*** Block opens ***

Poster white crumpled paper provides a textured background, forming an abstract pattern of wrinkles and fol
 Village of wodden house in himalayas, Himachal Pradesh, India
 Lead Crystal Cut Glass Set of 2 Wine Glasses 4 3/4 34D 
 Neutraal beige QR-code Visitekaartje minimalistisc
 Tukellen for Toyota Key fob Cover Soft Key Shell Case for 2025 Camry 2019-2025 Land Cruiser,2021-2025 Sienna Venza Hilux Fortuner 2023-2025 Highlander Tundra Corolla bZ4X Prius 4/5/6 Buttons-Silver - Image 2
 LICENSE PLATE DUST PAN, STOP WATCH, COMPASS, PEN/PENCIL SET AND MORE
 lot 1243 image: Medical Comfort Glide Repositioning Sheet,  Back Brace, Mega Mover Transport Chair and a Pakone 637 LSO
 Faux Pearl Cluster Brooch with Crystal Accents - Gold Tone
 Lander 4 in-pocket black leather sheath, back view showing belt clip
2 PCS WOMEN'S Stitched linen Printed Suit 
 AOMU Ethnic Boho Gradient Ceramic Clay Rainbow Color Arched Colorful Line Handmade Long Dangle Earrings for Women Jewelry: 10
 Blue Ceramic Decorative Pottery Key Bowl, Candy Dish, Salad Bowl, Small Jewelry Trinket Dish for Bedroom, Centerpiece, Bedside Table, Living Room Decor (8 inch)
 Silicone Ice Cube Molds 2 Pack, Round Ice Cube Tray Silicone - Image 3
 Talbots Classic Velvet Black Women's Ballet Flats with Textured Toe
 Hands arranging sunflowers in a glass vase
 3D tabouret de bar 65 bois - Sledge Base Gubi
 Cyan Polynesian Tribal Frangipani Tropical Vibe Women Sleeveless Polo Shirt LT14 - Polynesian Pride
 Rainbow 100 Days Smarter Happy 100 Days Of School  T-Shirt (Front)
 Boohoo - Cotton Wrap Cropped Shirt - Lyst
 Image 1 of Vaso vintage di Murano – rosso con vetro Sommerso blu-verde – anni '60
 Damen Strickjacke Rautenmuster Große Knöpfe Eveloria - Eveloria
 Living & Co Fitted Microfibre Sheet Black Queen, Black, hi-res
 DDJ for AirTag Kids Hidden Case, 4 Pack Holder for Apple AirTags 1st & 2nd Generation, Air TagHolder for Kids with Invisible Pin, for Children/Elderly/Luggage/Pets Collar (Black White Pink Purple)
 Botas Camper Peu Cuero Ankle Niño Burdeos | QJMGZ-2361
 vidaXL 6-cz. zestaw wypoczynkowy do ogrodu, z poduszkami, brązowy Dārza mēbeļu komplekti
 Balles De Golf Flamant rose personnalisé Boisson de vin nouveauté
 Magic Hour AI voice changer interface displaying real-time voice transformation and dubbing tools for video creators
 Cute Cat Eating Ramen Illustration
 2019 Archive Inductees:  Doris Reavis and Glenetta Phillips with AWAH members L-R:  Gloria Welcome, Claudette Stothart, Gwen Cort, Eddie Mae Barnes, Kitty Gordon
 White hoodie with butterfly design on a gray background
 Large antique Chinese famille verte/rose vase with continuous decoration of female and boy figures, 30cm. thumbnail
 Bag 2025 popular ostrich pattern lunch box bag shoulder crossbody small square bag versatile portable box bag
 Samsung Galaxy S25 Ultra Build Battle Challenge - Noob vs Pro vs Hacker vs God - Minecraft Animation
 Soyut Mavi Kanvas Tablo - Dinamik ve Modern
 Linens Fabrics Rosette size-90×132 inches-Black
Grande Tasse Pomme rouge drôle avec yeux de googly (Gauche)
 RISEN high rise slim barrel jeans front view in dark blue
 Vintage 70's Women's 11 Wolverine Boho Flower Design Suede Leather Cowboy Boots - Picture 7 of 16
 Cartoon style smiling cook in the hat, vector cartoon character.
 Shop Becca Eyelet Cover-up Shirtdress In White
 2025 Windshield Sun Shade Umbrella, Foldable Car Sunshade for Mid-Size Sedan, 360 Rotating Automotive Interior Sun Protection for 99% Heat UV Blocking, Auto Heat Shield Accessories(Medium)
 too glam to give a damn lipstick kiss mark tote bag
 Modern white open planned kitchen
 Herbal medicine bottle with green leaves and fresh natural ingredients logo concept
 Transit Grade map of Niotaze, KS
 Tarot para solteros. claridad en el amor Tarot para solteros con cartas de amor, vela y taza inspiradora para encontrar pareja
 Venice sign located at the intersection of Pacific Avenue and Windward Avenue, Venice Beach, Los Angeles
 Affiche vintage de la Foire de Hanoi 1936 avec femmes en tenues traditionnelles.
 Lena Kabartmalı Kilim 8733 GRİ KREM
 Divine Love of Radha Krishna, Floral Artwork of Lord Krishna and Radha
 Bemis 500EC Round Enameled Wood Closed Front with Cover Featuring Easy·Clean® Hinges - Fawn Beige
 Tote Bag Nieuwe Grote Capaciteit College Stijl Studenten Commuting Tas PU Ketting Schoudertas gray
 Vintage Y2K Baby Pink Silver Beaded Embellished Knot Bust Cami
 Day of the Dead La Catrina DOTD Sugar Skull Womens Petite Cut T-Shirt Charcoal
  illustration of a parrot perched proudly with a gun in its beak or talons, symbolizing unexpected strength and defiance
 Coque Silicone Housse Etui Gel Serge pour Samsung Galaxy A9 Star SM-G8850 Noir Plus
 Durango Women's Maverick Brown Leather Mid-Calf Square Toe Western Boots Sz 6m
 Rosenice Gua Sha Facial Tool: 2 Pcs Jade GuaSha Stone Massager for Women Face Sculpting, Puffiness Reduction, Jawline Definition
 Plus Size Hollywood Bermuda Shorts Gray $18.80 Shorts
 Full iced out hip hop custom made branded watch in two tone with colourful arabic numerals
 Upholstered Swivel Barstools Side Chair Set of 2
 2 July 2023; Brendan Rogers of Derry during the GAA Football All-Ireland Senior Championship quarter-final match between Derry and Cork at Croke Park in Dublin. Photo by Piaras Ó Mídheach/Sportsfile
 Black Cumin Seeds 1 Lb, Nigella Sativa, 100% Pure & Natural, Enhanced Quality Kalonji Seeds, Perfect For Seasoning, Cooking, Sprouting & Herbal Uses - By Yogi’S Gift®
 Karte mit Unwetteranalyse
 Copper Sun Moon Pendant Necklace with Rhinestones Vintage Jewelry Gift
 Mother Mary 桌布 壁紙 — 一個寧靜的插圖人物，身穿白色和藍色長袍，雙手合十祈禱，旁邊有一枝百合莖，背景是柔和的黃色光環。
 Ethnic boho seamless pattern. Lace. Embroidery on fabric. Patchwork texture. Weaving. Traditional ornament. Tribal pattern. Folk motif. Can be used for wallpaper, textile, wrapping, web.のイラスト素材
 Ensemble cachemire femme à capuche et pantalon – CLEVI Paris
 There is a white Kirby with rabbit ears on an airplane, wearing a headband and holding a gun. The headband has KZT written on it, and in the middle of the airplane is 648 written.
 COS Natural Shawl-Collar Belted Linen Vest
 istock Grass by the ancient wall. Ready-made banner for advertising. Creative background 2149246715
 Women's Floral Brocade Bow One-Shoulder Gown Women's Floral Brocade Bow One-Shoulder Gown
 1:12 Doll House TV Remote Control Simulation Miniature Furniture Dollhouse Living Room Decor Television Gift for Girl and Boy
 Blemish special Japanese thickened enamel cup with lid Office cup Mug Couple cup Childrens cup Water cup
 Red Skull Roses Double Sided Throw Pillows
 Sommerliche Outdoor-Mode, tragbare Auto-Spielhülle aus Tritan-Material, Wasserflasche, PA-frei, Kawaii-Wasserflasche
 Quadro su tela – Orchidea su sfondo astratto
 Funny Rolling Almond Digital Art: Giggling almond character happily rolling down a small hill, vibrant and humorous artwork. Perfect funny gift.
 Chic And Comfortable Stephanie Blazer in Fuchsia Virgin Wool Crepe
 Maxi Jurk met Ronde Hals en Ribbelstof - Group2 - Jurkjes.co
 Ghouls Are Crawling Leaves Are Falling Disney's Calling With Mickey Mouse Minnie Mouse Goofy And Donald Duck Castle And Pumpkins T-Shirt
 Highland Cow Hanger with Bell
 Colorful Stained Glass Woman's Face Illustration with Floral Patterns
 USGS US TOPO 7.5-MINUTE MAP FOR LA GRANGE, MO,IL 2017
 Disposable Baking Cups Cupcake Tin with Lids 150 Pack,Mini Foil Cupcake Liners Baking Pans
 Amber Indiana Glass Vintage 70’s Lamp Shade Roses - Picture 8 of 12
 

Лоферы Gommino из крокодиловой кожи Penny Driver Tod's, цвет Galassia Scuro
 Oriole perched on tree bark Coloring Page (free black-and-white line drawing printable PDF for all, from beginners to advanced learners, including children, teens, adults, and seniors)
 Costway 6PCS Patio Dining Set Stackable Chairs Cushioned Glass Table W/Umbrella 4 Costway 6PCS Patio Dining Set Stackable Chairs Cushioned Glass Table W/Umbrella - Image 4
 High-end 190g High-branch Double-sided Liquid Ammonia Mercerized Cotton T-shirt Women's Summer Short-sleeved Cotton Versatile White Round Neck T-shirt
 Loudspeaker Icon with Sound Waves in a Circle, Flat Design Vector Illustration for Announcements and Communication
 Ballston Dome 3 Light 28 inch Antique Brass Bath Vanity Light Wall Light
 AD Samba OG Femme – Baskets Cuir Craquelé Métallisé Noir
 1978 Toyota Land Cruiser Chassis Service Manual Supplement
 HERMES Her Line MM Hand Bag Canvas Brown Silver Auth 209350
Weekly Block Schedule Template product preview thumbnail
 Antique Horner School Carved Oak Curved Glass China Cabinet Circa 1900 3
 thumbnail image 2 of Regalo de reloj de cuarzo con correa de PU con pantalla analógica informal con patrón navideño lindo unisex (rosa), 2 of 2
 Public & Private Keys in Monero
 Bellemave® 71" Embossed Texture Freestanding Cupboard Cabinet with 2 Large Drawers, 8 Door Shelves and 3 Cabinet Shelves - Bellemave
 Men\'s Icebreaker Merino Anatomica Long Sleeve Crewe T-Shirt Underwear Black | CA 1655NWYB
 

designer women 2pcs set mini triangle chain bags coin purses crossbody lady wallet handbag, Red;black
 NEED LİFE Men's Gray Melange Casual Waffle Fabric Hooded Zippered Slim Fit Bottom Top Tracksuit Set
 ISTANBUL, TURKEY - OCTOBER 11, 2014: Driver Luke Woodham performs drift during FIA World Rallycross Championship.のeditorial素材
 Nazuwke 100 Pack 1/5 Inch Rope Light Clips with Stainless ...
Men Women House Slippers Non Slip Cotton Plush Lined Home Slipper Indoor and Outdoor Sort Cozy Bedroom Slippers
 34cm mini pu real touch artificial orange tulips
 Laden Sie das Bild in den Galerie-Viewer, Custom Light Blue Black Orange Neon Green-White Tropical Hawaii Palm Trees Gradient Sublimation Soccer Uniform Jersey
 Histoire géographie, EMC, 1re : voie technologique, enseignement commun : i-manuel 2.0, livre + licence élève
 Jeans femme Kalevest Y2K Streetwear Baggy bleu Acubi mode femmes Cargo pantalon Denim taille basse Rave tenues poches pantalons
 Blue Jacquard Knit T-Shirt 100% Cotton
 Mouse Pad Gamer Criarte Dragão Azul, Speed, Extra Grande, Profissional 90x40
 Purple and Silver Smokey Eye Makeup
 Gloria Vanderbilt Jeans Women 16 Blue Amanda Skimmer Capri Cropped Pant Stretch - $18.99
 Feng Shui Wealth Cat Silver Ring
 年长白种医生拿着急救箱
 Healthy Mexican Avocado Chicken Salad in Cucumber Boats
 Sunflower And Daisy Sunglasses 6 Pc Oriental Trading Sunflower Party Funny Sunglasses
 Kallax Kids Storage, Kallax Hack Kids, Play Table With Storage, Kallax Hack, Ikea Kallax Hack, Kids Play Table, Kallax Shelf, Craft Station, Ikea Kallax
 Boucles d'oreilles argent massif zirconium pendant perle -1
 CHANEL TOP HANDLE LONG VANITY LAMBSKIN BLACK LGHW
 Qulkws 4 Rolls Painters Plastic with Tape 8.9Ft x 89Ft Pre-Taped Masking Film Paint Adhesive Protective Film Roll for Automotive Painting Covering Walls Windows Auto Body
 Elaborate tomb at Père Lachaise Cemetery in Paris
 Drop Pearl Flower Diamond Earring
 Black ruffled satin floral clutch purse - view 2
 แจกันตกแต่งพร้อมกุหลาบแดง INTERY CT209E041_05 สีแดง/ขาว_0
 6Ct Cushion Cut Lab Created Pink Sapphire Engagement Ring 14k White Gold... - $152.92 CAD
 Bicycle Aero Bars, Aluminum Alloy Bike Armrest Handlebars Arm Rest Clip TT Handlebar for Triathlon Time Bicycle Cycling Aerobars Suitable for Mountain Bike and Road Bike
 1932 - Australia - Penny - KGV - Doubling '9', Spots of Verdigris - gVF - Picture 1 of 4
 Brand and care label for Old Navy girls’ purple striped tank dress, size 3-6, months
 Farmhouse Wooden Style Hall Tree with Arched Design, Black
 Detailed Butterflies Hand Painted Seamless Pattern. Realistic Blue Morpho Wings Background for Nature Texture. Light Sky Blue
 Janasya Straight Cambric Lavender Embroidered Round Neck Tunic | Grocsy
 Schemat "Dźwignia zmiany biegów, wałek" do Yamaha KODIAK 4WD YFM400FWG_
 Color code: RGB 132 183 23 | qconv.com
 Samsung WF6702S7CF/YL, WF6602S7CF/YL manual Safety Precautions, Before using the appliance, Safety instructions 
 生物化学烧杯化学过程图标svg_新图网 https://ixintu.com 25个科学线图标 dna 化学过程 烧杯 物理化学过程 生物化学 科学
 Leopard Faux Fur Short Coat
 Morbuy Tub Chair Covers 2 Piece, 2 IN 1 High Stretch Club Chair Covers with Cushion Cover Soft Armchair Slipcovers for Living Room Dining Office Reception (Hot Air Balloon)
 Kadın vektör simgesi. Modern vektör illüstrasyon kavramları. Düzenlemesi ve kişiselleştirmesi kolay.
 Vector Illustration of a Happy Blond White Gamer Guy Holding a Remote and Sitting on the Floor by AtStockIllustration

*** Block closes ***

Exercise prompt | From the listing above, return the lines starting at the one with "NEED LİFE Men's" and ending at the one with "Nazuwke 100 Pack", both kept, exactly as they appear and nothing more.

Exercise answer |
 NEED LİFE Men's Gray Melange Casual Waffle Fabric Hooded Zippered Slim Fit Bottom Top Tracksuit Set
 ISTANBUL, TURKEY - OCTOBER 11, 2014: Driver Luke Woodham performs drift during FIA World Rallycross Championship.のeditorial素材
 Nazuwke 100 Pack 1/5 Inch Rope Light Clips with Stainless ...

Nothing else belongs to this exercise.